Ironischerweise haben wir zu diesem Musikvideo eine komplette Serie produziert. Das kam zu 80 Prozent aus unserer Hand. Und nebenbei haben wir Konzerte gespielt. Taby ist noch Synchronsprecherin und Sounddesignerin. Es reicht nicht mehr, nur Musikerin zu sein, vor allem eben nicht als Frau, die aus der Frauen-Schablone rausfällt … Ich bin alleine. Bei dem Liser-Projekt bin ich Musikerin, Managerin, Tour-Managerin, Bookerin … Eben alles, was dazu gehört, um eine musikalische Karriere aufzubauen, bleibt an mir hängen.

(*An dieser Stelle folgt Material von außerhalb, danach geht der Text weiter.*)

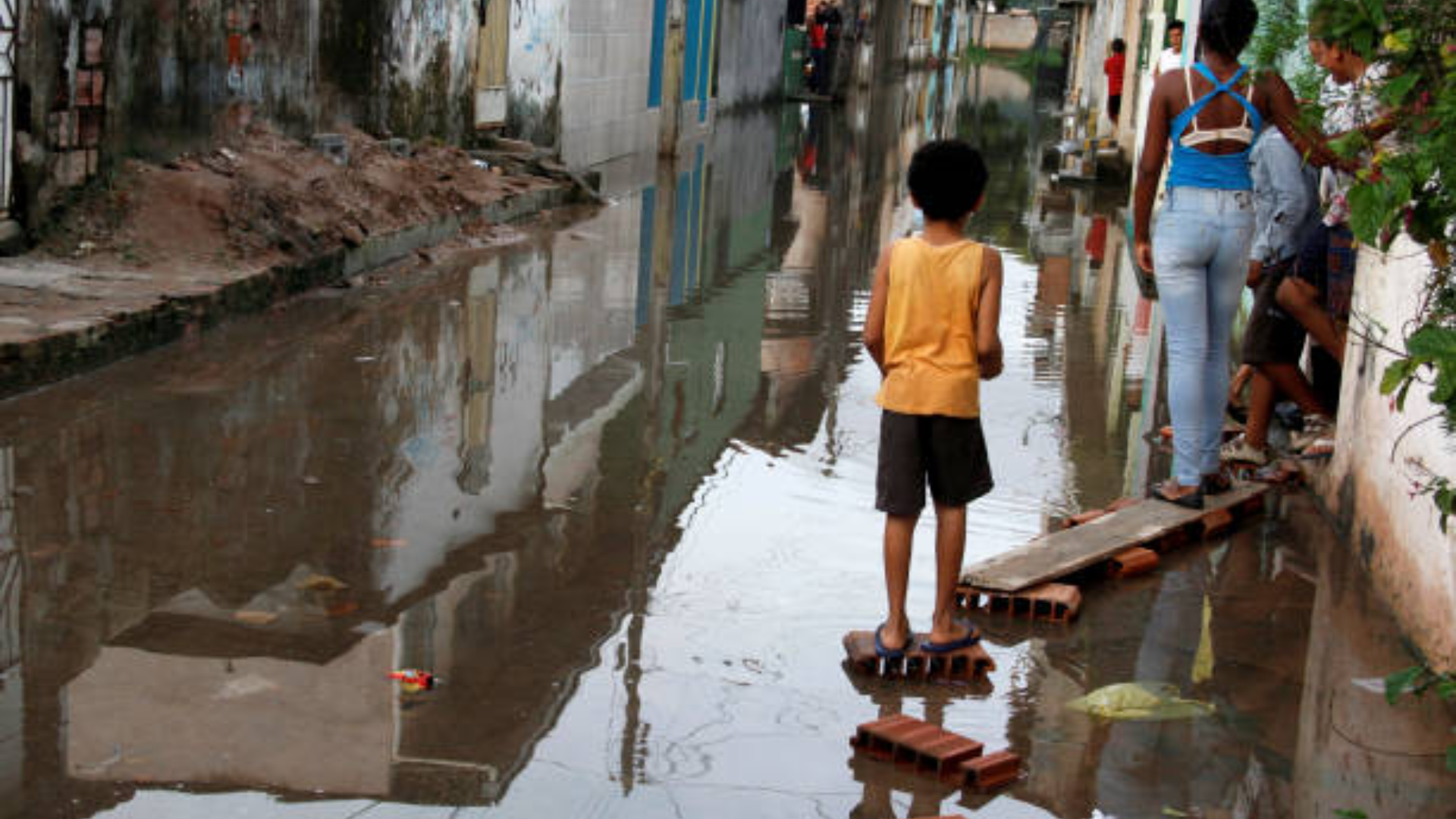Saiba como ajudar atingidos pela chuva em Minas; governo alerta para golpes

Also Vollzeitjob-Popstar ist Ihr Ziel?
Voll! Also diese ganzen strukturellen Dinge nehmen mir die Zeit zum Musikmachen. Ich möchte nur Musik machen und dann mit Leuten darüber quatschen, was meine Pläne sind, aber nicht alles bis ins letzte Detail umsetzen müssen. Ich bin aus Versehen Regisseurin geworden, weil ich so viel eigene Projekte umgesetzt habe, dass ich das jetzt auch für andere Leute mache. Es baut sich ganz viel auf und es ist auch cool, aber ich wäre gerne ein 360-Grad-Deal-Popstar, der sich eigentlich nur noch darum kümmern muss, was er anziehen möchte.
Wie sieht Ihre Zukunft aus?
Es wird auf jeden Fall ein Album kommen. Und wieder neue Musik. Ich werde viel live spielen. Wir haben schon Sachen für 2024 geplant, die sich doll auf mich beziehen und richtig krass werden. Es wird noch größer und besser. Ich bin zuversichtlich. Ich bin mir sehr sicher, dass ich den Rest meines Lebens mit Musik oder musikalischer Arbeit mein Geld verdienen werde, und das ist alles, was ich jemals wollte.
>>> INFO: Liser live
New Fall Festival (17.-20.5.): Liser, 20.5., 21 Uhr, Pong, Ehrenhof 2, Düsseldorf. Karten: 9 €. Weitere Konzerte als Support für Conny: 25.11. Köln (Club Volta), 6.12. (Skaters Palace), 14.12. Bochum (Rotunde). Karten ca. 28 €.